While the Bush’s main theatre is whisking off audiences to Imperial India in Guards at the Taj, its studio space is offering up a two-hander closer to home in every respect. Barney Norris’ While We’re Here may not be a ticket to anywhere more exotic than a Havant living room, but its characters are so tenderly drawn and poignantly performed you almost feel you’ve popped into a new neighbour’s for tea.
Alice Hamilton’s delicate production is as intimate as James Perkins’ tiny box set. A lonely lounge on the South coast is fleshed out by prosaic cream sofa and matching pouffe, cluttered shelves and a retro stereo leaking out The Beautiful South’s "I’ll Sail This Ship Alone". The lonely wicker hearts hanging here and there foreshadow events as Sally Ferguson’s lighting smoothly charts a few weeks in the lives of one-time lovers, Eddie and Carol.

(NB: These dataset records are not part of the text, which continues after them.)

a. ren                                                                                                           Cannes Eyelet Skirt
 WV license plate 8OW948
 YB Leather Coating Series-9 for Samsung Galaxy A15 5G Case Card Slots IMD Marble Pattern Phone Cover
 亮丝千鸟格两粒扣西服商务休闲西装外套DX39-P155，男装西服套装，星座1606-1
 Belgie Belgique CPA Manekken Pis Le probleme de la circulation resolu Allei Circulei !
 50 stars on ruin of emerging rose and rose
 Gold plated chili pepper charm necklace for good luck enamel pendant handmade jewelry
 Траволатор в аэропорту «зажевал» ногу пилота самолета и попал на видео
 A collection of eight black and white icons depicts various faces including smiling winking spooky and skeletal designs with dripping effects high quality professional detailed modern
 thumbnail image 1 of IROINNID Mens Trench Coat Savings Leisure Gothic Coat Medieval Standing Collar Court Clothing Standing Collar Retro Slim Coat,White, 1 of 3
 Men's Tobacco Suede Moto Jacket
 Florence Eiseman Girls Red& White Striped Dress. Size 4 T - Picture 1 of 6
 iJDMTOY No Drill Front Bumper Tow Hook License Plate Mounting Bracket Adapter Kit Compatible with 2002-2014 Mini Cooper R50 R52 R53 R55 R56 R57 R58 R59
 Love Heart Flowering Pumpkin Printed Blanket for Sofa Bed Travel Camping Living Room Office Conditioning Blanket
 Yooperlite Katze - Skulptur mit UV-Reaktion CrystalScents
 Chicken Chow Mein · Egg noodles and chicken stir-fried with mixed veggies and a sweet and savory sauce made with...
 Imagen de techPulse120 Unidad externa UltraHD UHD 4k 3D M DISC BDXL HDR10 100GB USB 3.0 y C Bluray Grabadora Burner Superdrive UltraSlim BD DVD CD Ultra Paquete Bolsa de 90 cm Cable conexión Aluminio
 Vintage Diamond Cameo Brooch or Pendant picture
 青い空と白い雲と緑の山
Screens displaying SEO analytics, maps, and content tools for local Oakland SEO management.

The chuckles flow freely from the opening scene as Eddie showcases his maverick approach to changing a duvet. 20 years on from their last encounter and Carol has happened on Eddie shivering in the park, inviting him to stay with her until he’s back on his feet. Carol is a team leader for electoral registration and single mother to one grown-up daughter who is conspicuously absent. Eddie is a drifter and scrapman who has been living abroad for eighteen years, now struggling with homelessness, depression, and a recent break-up. As their dialogue probes, meshes, and gently clashes, their brief history together – and the unspoken possibility of a future – is weighed against the wear and tear of time. Their nervous attempts at easy conversation endear us to them quickly. Yet even as we root for them we are gnawed at by the sense that companionship for these two, after so long alone, is as bleak a prospect as a holiday to the moon.
Andrew French’s Eddie is a vigorous joker at first, all toothy grins and madcap ideas for a future career in rewilding (“Isn’t that,” Carol asks, “when they reintroduce wolves to Scotland?”). Beneath French’s oddball charm we see a haunted vulnerability, raising the dark spectre of an unknown entity coming into Carol’s sheltered life. Is he taking advantage of her generosity, or is he genuinely seeking help from the one person he has left? Humour bubbles at unlikely moments in a fine balance of actor and text. Eddie keeping his belongings in a few carrier bags, for example: “It’s sort of waterproof,” he says, as Carol doubtfully replies: “I don’t really know if it is, love.” Or ruminating on the likes of Josef Fritzl: “I don’t know how there could be very many men who want a woman in their basement. It would actually be very difficult…you could never have anyone around.” Meanwhile the proof of Portsmouth’s progressing charm is summed up by the words: “Award-winning car park.” It’s this sort of awkward dialogue that Norris does so well – offbeat and funny and undeniably sad all at the same time.
Tessa Peake-Jones’ Carol is the aching heart of the piece, with her pitiably small life and small house that she may only rent but proudly keeps. Cheerily attempting to extol the virtues of Eddie’s itinerant life, she says: “And they make you a target for burglars, houses. No one ever burgled a tent.” Carol may be middle-aged but Peake-Jones brings a delightfully girlish energy to their first flirtations, and a powerful disassociation in later scenes (a remarkable study on the sudden exhaustion that stress can bring). When lipstick on a coffee mug reveals Eddie has lied about a female visitor, her wrath is reproachfully maternal and sexually possessive at once. Finally, a scene in which she leaves a message for her neglectful daughter is unbearably painful. The lights came up on tissues dabbing at eyes.
There are echoes of Mike Leigh and Chekhov here, while an inspired, ghostly reference to The Flying Dutchman is reminiscent of the work of Conor McPherson or Jez Butterworth. This is fine company for Norris to be in at his young age. Those looking for the thrillingly uplifting will not find it here. But at 70 minutes it is a featherweight play that packs a punch for anyone that has ever suspected the bruising effects of life and love has left them unfit for companionship. To quote Carol: “I might have had all my fun.” While We’re Here also touches on racial identity, the isolating effects of technology, and the Sisyphean job of accessing mental healthcare in the UK. Norris’ humour and humanity sets him out as one to watch. A production that swells your heart that little bit bigger.